You should readily question your attorney about the services for which you hired him. That "he is proud and would not like to hear that" is insufficient reason to deny him a chance to present his take on the case. Ask him to assess the law that you read up on, and explain why such direction wasn't taken. There are many inaccurate sources which may have misled you about the law (Although I don't assume you were misled). Regardless, his response to your inquiry will shed light on his competence in the practice area.
Hiring an attorney in close physical proximity is always advisable, but substituting attorneys requires a more delicate evaluation of your situation. Remember, you will likely expend some resources bringing your new attorney up to speed on the case.
My impression is that you are less worried about cost (although that is a legitimate concern) as you are about your present attorney's competence in the practice area. So while he's still your attorney, confront him with your concerns. You don't have to be rash or presume he is incorrect. Your case is important to you, and you just need clarification.
Whether or not you confront your present attorney about the direction of your case, spend some time contacting some local attorneys. You may find one willing to give you his/her opinion for little or no fees.
The information presented here is general in nature and is not intended, nor should be construed, as legal advice. This posting does not create any attorney-client relationship with the author (who is only admitted to practice law in the State of California). For specific advice about your particular situation, consult your own attorney. Sarkis Sirmabekian 818-473-5003.

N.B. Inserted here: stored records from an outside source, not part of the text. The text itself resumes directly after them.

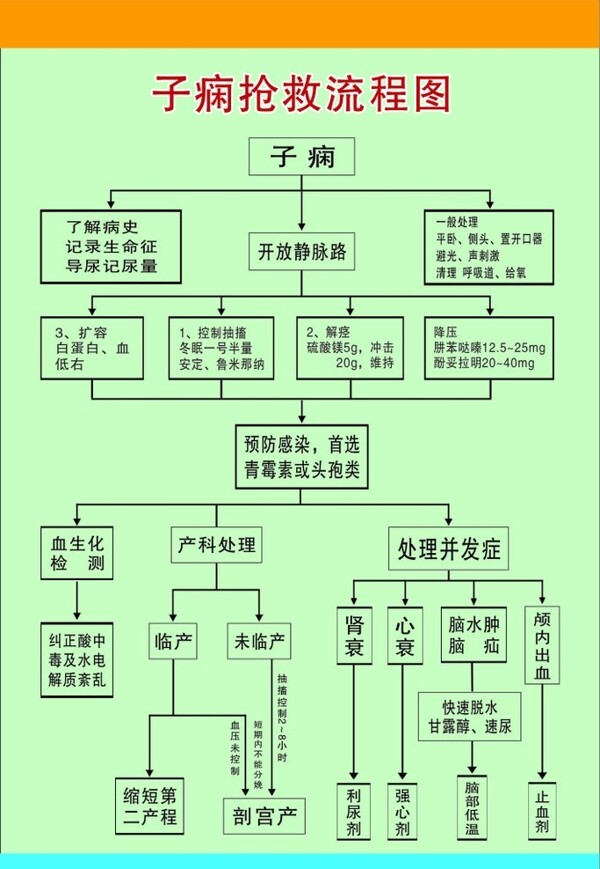 子痫抢救流程图图片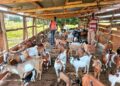 Success Journey, From Alcohol Abuse to Community Livestock Champion: How PDM Helped Eceru Simon Rebuild His Life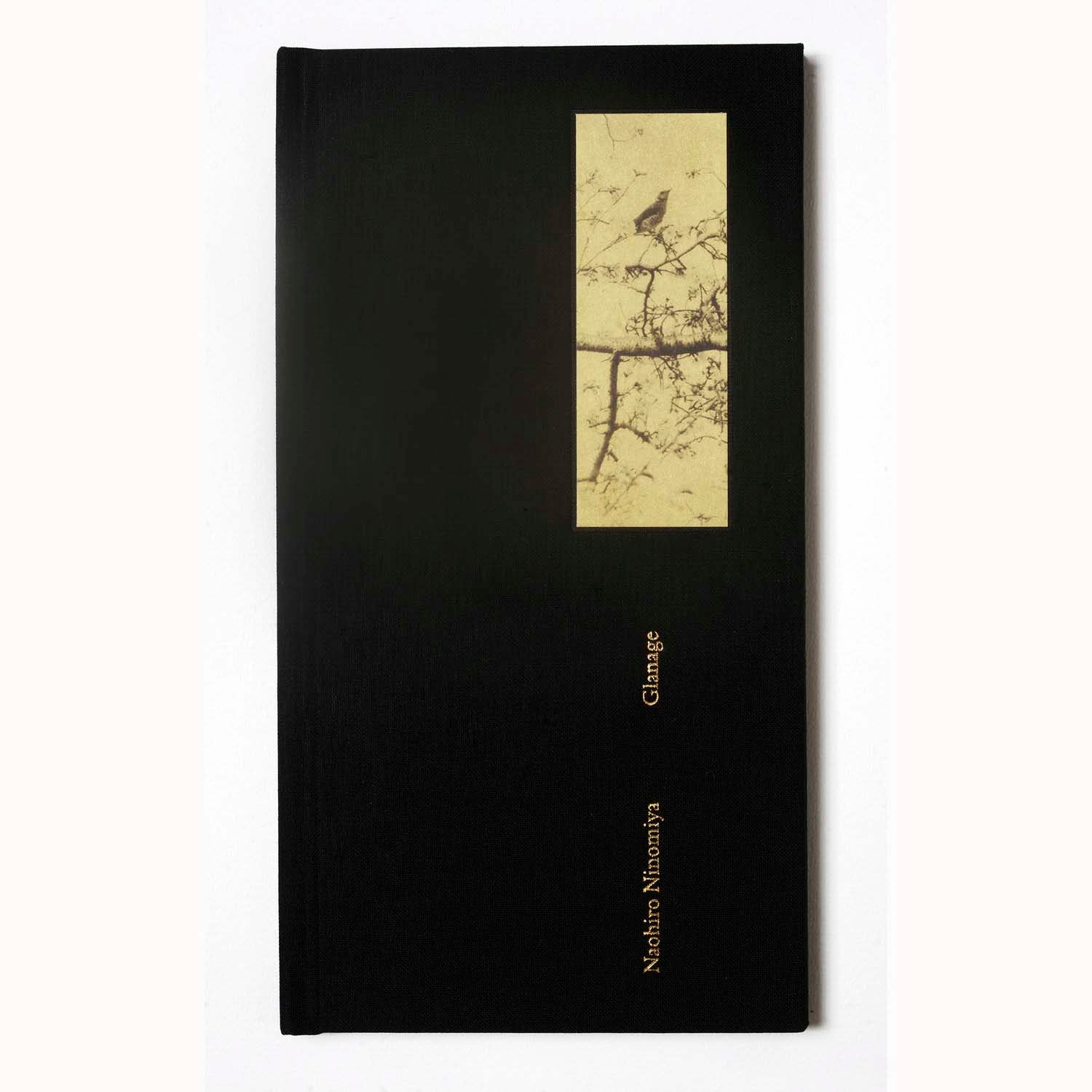 Glanage by Naohiro Ninomiya - Image 3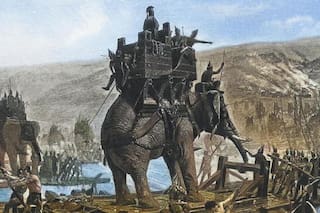 El hueso que podría ser evidencia del mítico paso de un elefante de guerra de Aníbal por Europa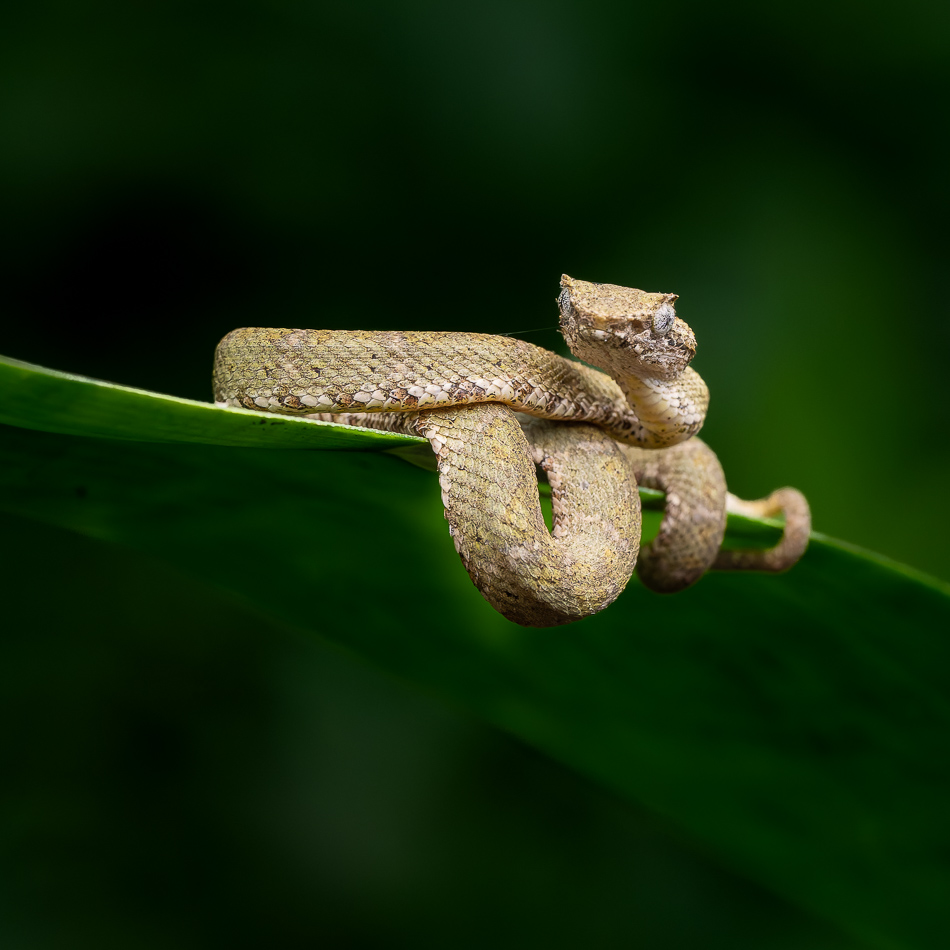 20240708_CR_Z8b_4620 NEF DxO XD2.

I agree with attorny Sirmabekian as to various approaches you can take. Immediately sit down with your current attorney and let him/her know what you are thinking. He/she may have a good reason for the approach taken. If your attorney refuses to see you and to discuss the process with you, I would recommend that you need to find another attorney. You may want to ask your attorney why you have to travel 3 hours away from your home/office for a deposition. There are rules and regulations as to how far you need to travel d:(see California Code of Civil Procedure section 2025.250 and 2025.260).
I believe you should strongly consider hiring an attorney who is both in your local area and is knowledgeable in construction law as that appears to be the chief issue in your case. As you appear to be in the Sacramento area (and you have not mentioned where the court is), you should be able to hire an attorney in Sacramento, for your convenience.
Most attorneys travel to various locations wherever they are required to appear, so that should not be an issue.
The above is general legal and business analysis. It is not intended nor construed to be "legal advice" but rather it is analysis, and different lawyers may analyze this matter differently, especially if there are additional facts not reflected in the question. I am not your attorney until retained by a written retainer agreement signed by both of us. I have been licensed to practice law in California since 1978. See also avvo.com terms and conditions item 9, incorporated as if it was reprinted here.
As the client, you are free to change attorneys at any time. Your current attorney might not be happy about it, but he cannot force you to continue to retain him.
Talk to your attorney about your issues and see if you can both come to some sort of agreement regarding your concerns.
Maybe he could charge you less for travel time, or hire a local attorney to make appearances at places that are far away.
Hiring a new attorney is not always the best answer, and does not always result in saving money.
Remember, your current attorney is probably familiar with the case. You will be paying any new attorney to get up to speed.
The best thing to do is talk to your current attorney, and then if that does not work out, look for someone new.